With summer fast approaching and the dams still at dangerously low levels, the prospect of further water restrictions is a real possibility.
But a Herald investigation has found Watercare did not implement plans to increase capacity from the Waikato River before this year, despite forecasts as early as 2013 saying the city faced security of supply risks by 2020.
The last time Watercare built some resilience into the water supply was four years ago in 2016 when it completed the final stage of taking the capacity of the Waikato River water treatment plant up to 150 million litres a day (MLD).
Since 2016, Auckland has experienced rapid population growth and been subject to climate change volatility, but plans to increase capacity at the plant by a further 25MLD in 2018 and a further 50MLD by 2019 did not happen.
Instead, Watercare has held out for the simplest and most cost-effective option on the table - a resource consent application lodged in 2013 to take a further 200MLD from the Waikato River.
The application currently sits in a queue behind 117 other consents before the Waikato Regional Council.
Environment Minister David Parker has said it will be fast-tracked but it will still take years of construction and hundreds of millions of dollars to secure the extra water.
Watercare does not have sole responsibility for ensuring the taps keep running. It has been at the mercy of extreme weather conditions and the recent review of the council-controlled organisations found "the council had no water strategy to, among other things, describe how much capacity the system should have to deal with such weather-related events".
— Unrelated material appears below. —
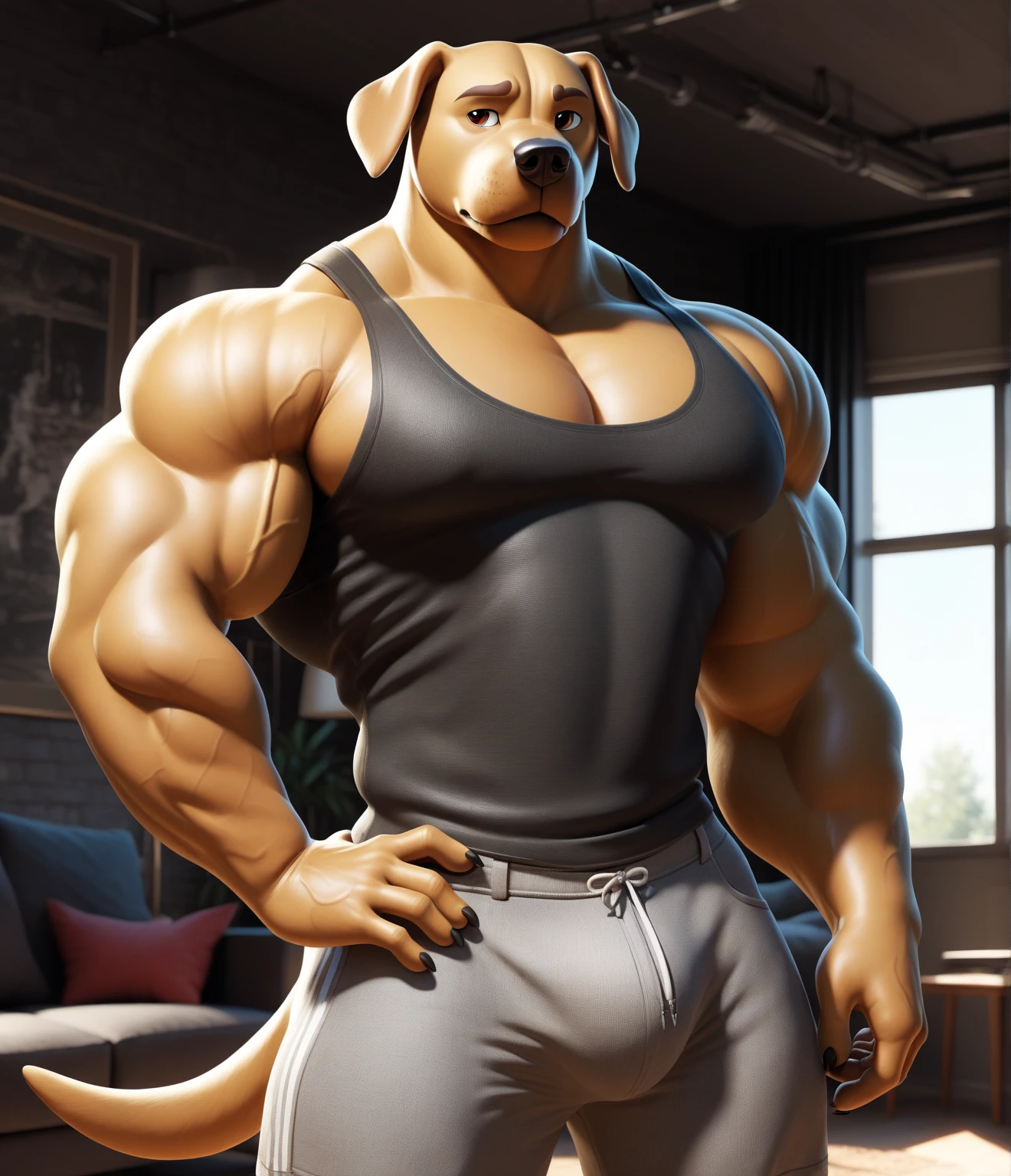 Breed a lean dog with muscular human body --auto --s2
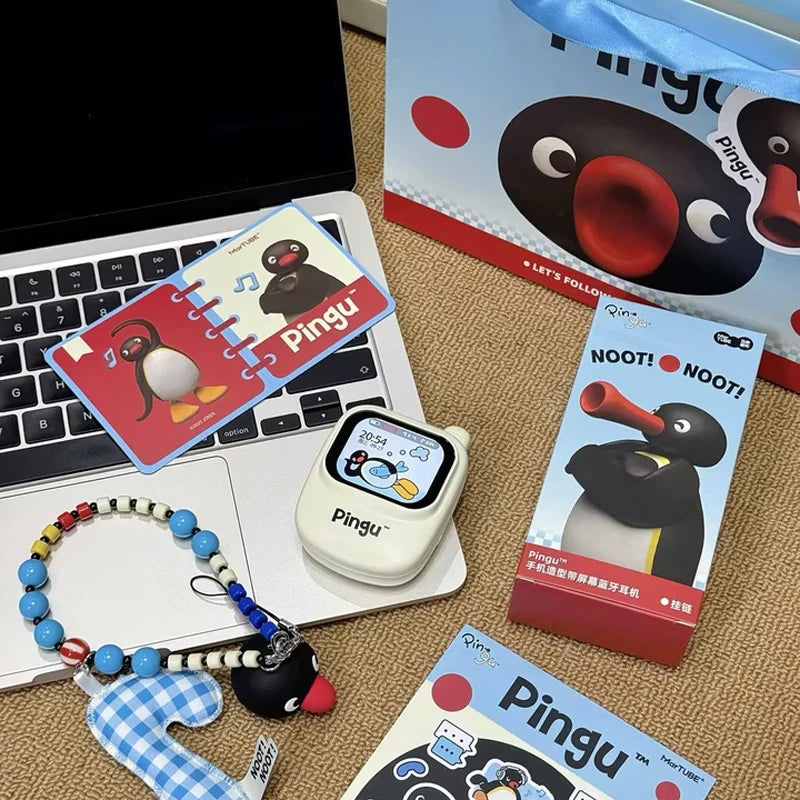 New Pingu Bluetooth Screen Headphones Custom Screen Dual Modes for Gaming and Music Bluetooth 6.0 Cute Phone Shape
Mayor Phil Goff told the Herald there is no point playing the "blame game", but behind closed doors he tore a strip off Watercare board chairwoman Margaret Devlin, telling the professional board director if the lakes ran dry there would be a huge economic cost to the city, with severe water restrictions and widespread industry closures.
"That is an unacceptable risk to Auckland and New Zealand," Goff said.
Devlin, who has chaired publicly-owned Watercare since November 2016 and been paid $108,000 in board fees, declined to be interviewed about the water supply issue. She insisted on answering written questions. The Herald requested a full interview several times.
Chief executive Raveen Jaduram, who was the public face of the drought before resigning two weeks ago, also declined an interview.
The Herald understands Jaduram paid the price for management not planning adequately for the exceptional weather conditions. Jaduram remains in his $775,000 job until the end of October.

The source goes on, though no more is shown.